Drawing with Strangers: Population Scaling Drives Zero-Shot Mutual Intelligibility in Emergent Sketching
Pith reviewed 2026-06-27 14:13 UTC · model grok-4.3
The pith
Scaling training populations in emergent sketching agents improves communication between independent groups without prior exposure.
A machine-rendered reading of the paper's core claim, the machinery that carries it, and where it could break.
Core claim
Scaling the training population substantially improves zero-shot mutual intelligibility across independent groups. As population size grows, in-group communicative variation increases, preventing co-adaptation into homogeneity, while cross-group variation decreases, indicating structural convergence toward universality. This universality is achieved through perceptual grounding, as scaled populations increasingly anchor their emergent sketches on the objective visual resemblance of the target images.
What carries the argument
Zero-shot mutual intelligibility (ZMI) between disjoint agent populations, achieved when population scaling drives convergence on perceptually grounded sketches rather than private conventions.
Load-bearing premise
Training occurs in strictly disjoint populations with no prior exposure, and the rise in in-group communicative variation with scale is the causal driver of reduced cross-group variation and improved zero-shot communication.
What would settle it
Running the same sketching experiments with larger populations but finding no increase in in-group variation or no gain in cross-group communication success would falsify the claim.
Figures
read the original abstract
Generalization in emergent communication has largely focused on novel inputs or linguistic structures, yet the capacity for agents to communicate with strangers from strictly disjoint communities remains relatively unexplored. In this work, we formalize this capability as \textit{zero-shot mutual intelligibility (ZMI)}: successful communication between independently trained populations without prior exposure. Leveraging emergent sketching -- in which agents communicate through sets of drawn strokes -- as a visually grounded modality, we find that scaling the training population substantially improves ZMI across independent groups. Crucially, as we scale the population size, in-group communicative variation increases, preventing co-adaptation into homogeneity. Simultaneously, cross-group variation decreases, indicating a structural convergence toward a certain type of universality. Further analysis reveals that this universality is achieved through perceptual grounding: scaled populations increasingly anchor their emergent sketches on the objective visual resemblance of the target images. Together, these results position ZMI as a distinct axis of generalization in emergent communication and suggest a route toward socially interoperable artificial agents.
Editorial analysis
A structured set of objections, weighed in public.
Referee Report
Summary. The manuscript formalizes zero-shot mutual intelligibility (ZMI) as successful communication between independently trained populations of sketching agents with no prior exposure. It reports that scaling the size of the training population improves ZMI, accompanied by increased in-group communicative variation (preventing homogeneity), decreased cross-group variation (indicating structural convergence), and a shift toward perceptual grounding on objective visual resemblance of target images.

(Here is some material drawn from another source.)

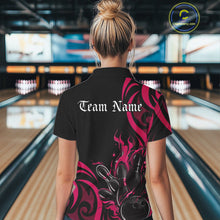 Load image into Gallery viewer, Custom Black And Pink Tribal Flame Bowling Women Shirts, Bowling League Team Jerseys IPHW10737
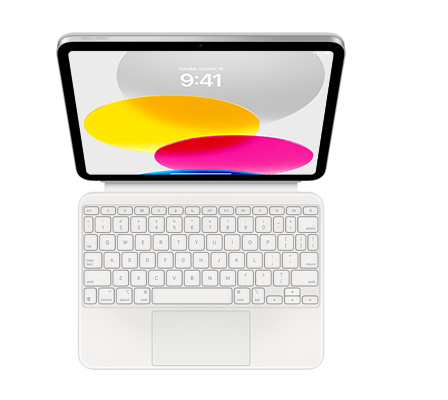 Magic Keyboard Folio, White, inverted T arrow keys, built-in trackpad, iPad attached, landscape orientation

Significance. If the empirical patterns and proposed mechanism hold after appropriate controls, the work would usefully extend emergent-communication research by identifying population scale as a driver of inter-group interoperability and by distinguishing ZMI from other generalization axes. The emphasis on perceptual grounding supplies a concrete, testable route toward socially interoperable agents.
major comments (2)
- [Abstract / §4] Abstract and §4 (results on variation): the manuscript states that population scaling increases in-group variation, which in turn prevents homogeneity and produces the observed drop in cross-group variation plus ZMI gains. No mediation analysis, ablation that holds scale fixed while varying communicative diversity, or controlled comparison isolating the variation driver is described; the causal sequence therefore remains an untested assumption rather than a demonstrated mechanism.
- [Abstract] Abstract: the claim that scaled populations 'increasingly anchor their emergent sketches on the objective visual resemblance' is presented as the explanation for universality, yet the text supplies no quantitative measure (e.g., correlation with image-feature similarity, human perceptual judgments, or ablation removing visual grounding) that would distinguish this account from alternative explanations such as richer gradients or implicit regularization.
minor comments (2)
- [Abstract] The abstract contains no numerical results, error bars, or statistical tests; the full manuscript should include these in the main text or a dedicated results table so readers can evaluate effect sizes.
- [§3 / §4] Notation for 'in-group communicative variation' and 'cross-group variation' should be defined explicitly (e.g., via an equation or distance metric) at first use to avoid ambiguity across figures.
Simulated Author's Rebuttal
We thank the referee for the constructive comments, which help clarify the strength of evidence for the proposed mechanisms. We respond point-by-point below.
read point-by-point responses
-
Referee: [Abstract / §4] Abstract and §4 (results on variation): the manuscript states that population scaling increases in-group variation, which in turn prevents homogeneity and produces the observed drop in cross-group variation plus ZMI gains. No mediation analysis, ablation that holds scale fixed while varying communicative diversity, or controlled comparison isolating the variation driver is described; the causal sequence therefore remains an untested assumption rather than a demonstrated mechanism.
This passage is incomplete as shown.